## REQUIRED ACTION
Write out exactly, excluding pictures, the lines from the one containing "Per sempre 2016 on netflix" through the end of the data, both included.

## RAW DATA
···

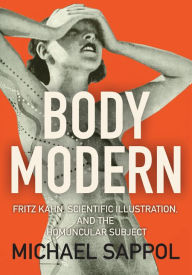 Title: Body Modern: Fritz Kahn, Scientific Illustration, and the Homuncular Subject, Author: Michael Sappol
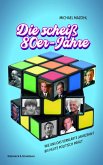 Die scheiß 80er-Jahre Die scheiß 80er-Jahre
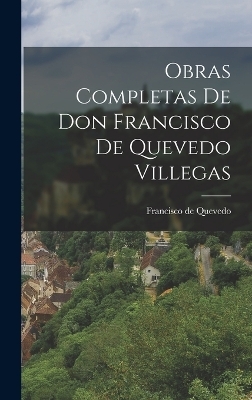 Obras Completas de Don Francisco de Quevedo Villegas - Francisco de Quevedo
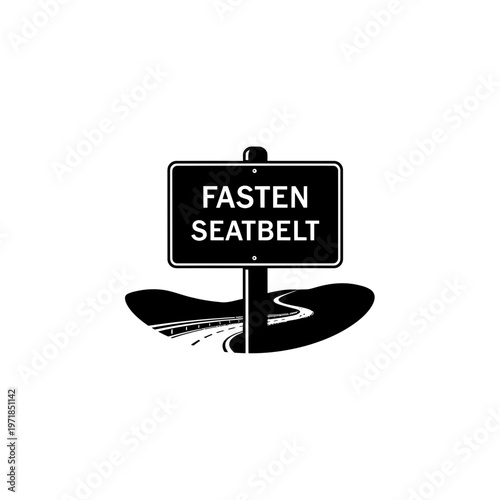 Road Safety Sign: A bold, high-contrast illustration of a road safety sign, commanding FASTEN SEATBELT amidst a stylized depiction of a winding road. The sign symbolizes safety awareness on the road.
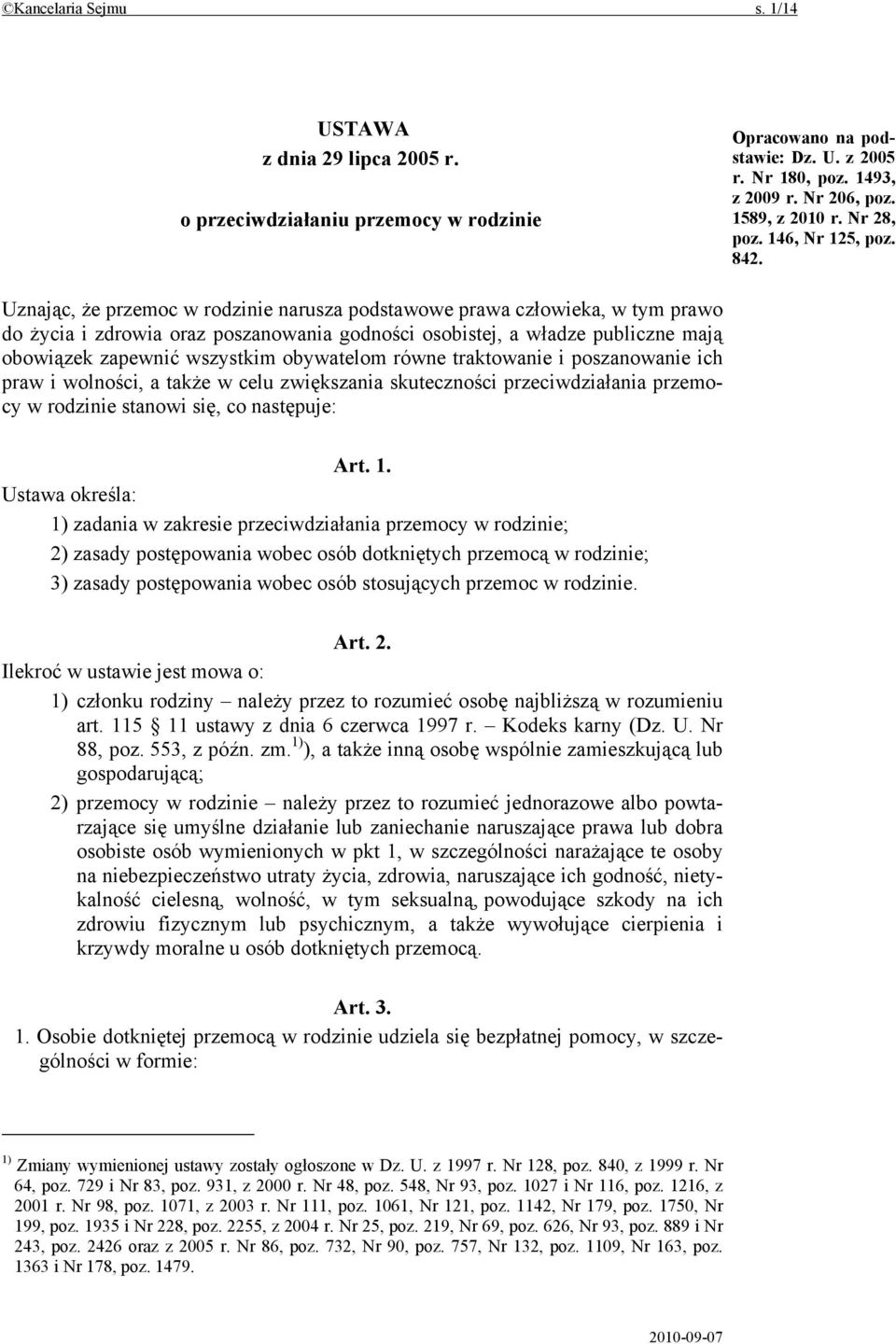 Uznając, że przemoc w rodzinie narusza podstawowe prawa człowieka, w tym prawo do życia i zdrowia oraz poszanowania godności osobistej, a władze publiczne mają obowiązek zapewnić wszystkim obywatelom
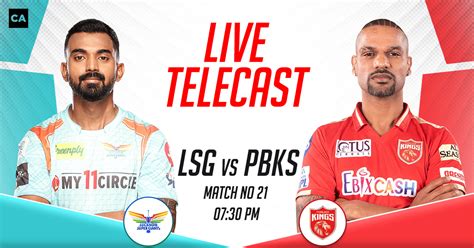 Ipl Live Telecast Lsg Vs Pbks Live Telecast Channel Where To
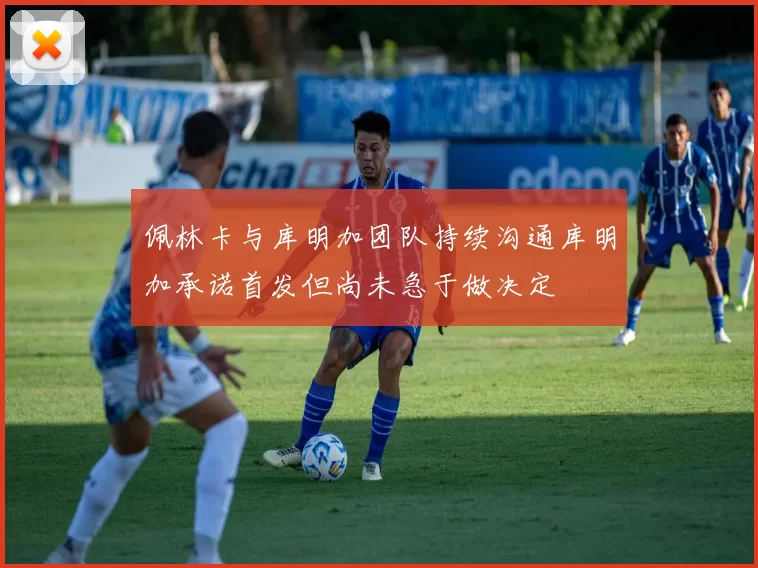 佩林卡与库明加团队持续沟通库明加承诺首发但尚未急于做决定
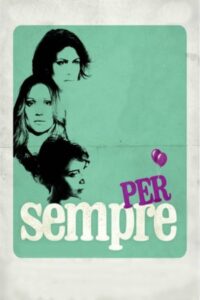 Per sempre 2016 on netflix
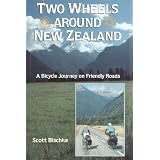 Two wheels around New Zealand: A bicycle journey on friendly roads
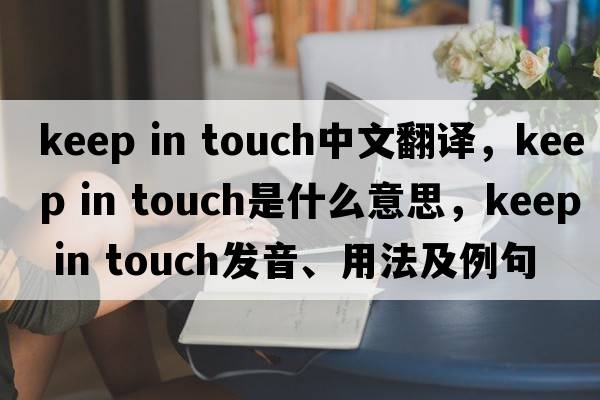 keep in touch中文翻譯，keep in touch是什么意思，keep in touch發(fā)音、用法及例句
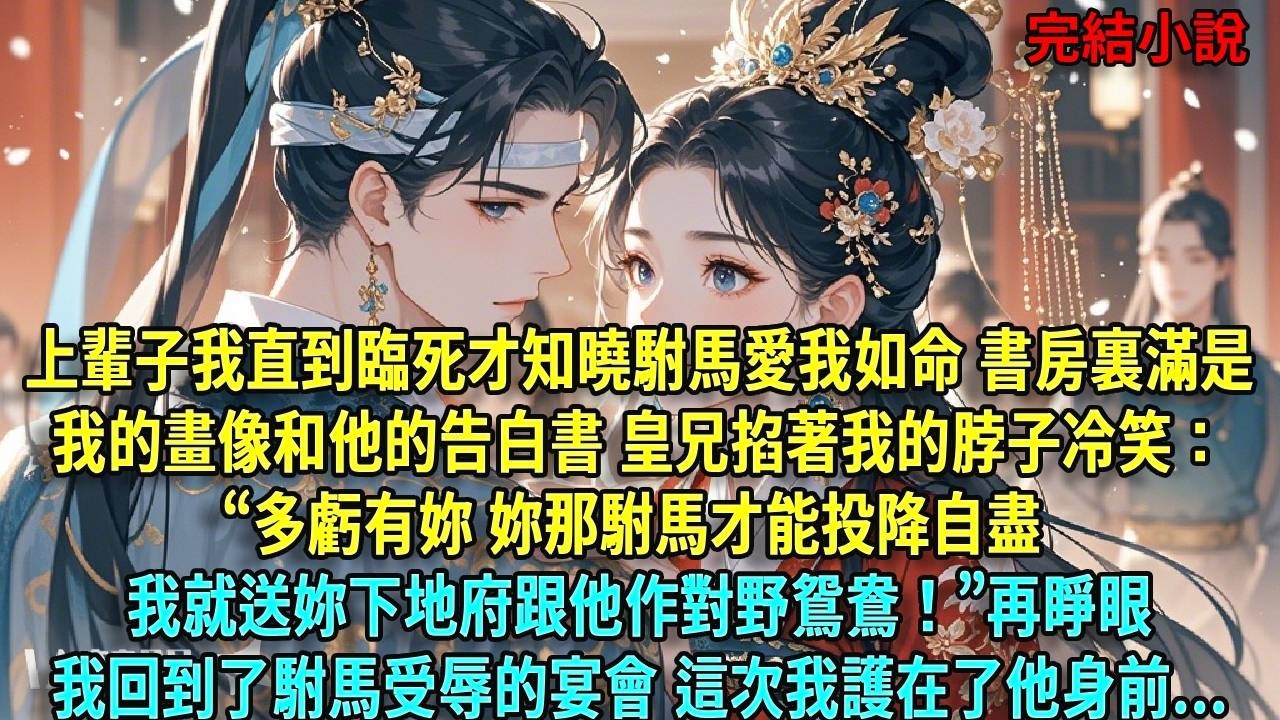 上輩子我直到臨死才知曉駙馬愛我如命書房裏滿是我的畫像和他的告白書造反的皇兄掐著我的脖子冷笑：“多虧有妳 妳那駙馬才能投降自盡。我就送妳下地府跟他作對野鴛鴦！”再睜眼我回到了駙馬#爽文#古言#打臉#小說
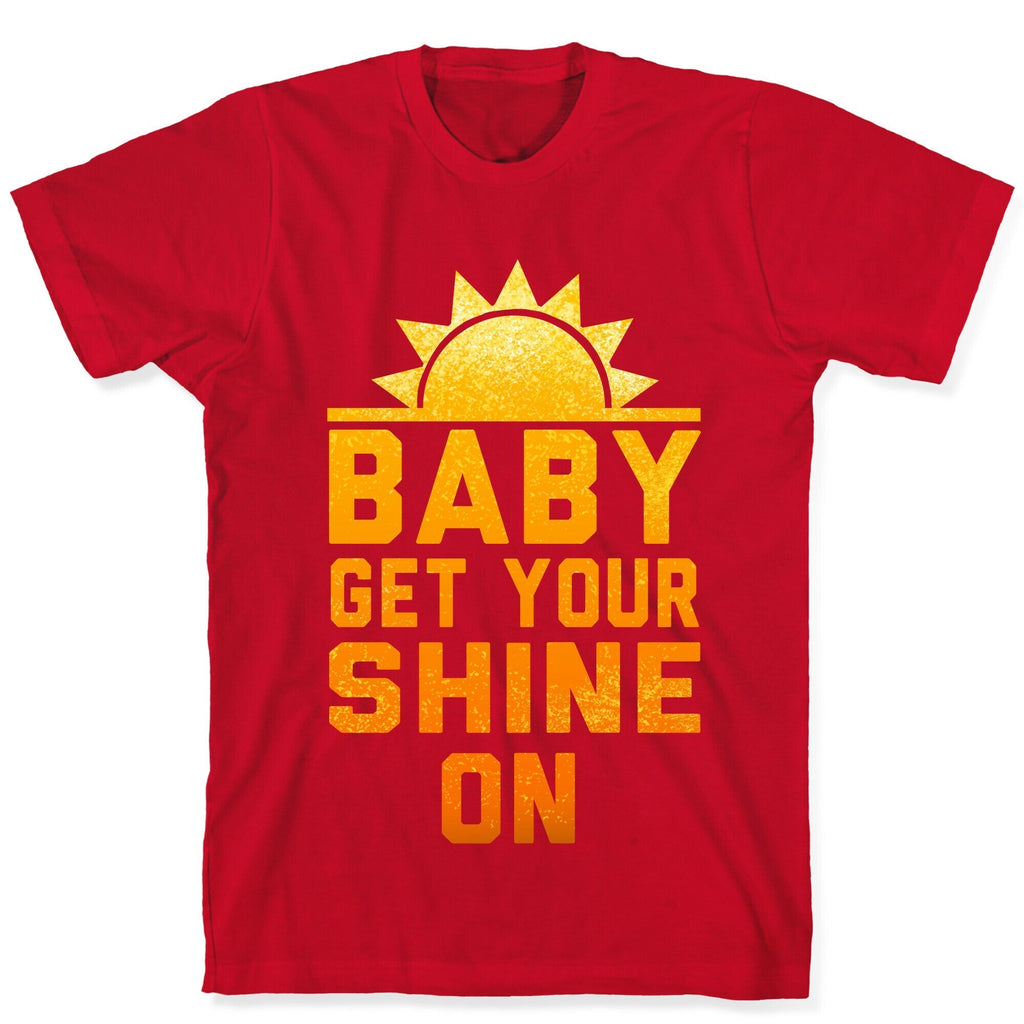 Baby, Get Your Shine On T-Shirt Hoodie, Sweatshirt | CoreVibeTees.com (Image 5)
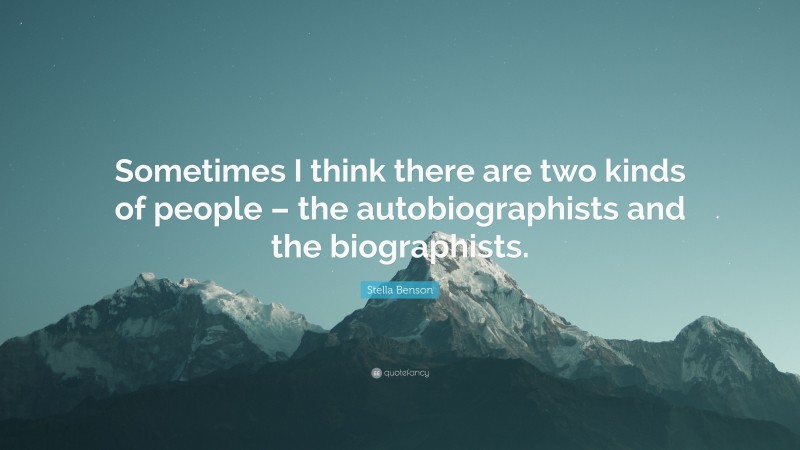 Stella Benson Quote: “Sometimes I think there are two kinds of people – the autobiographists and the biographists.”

···

## WRITTEN ANSWER
 Per sempre 2016 on netflix
 Two wheels around New Zealand: A bicycle journey on friendly roads
 keep in touch中文翻譯，keep in touch是什么意思，keep in touch發(fā)音、用法及例句
 上輩子我直到臨死才知曉駙馬愛我如命書房裏滿是我的畫像和他的告白書造反的皇兄掐著我的脖子冷笑：“多虧有妳 妳那駙馬才能投降自盡。我就送妳下地府跟他作對野鴛鴦！”再睜眼我回到了駙馬#爽文#古言#打臉#小說
 Baby, Get Your Shine On T-Shirt Hoodie, Sweatshirt | CoreVibeTees.com (Image 5)
 Stella Benson Quote: “Sometimes I think there are two kinds of people – the autobiographists and the biographists.”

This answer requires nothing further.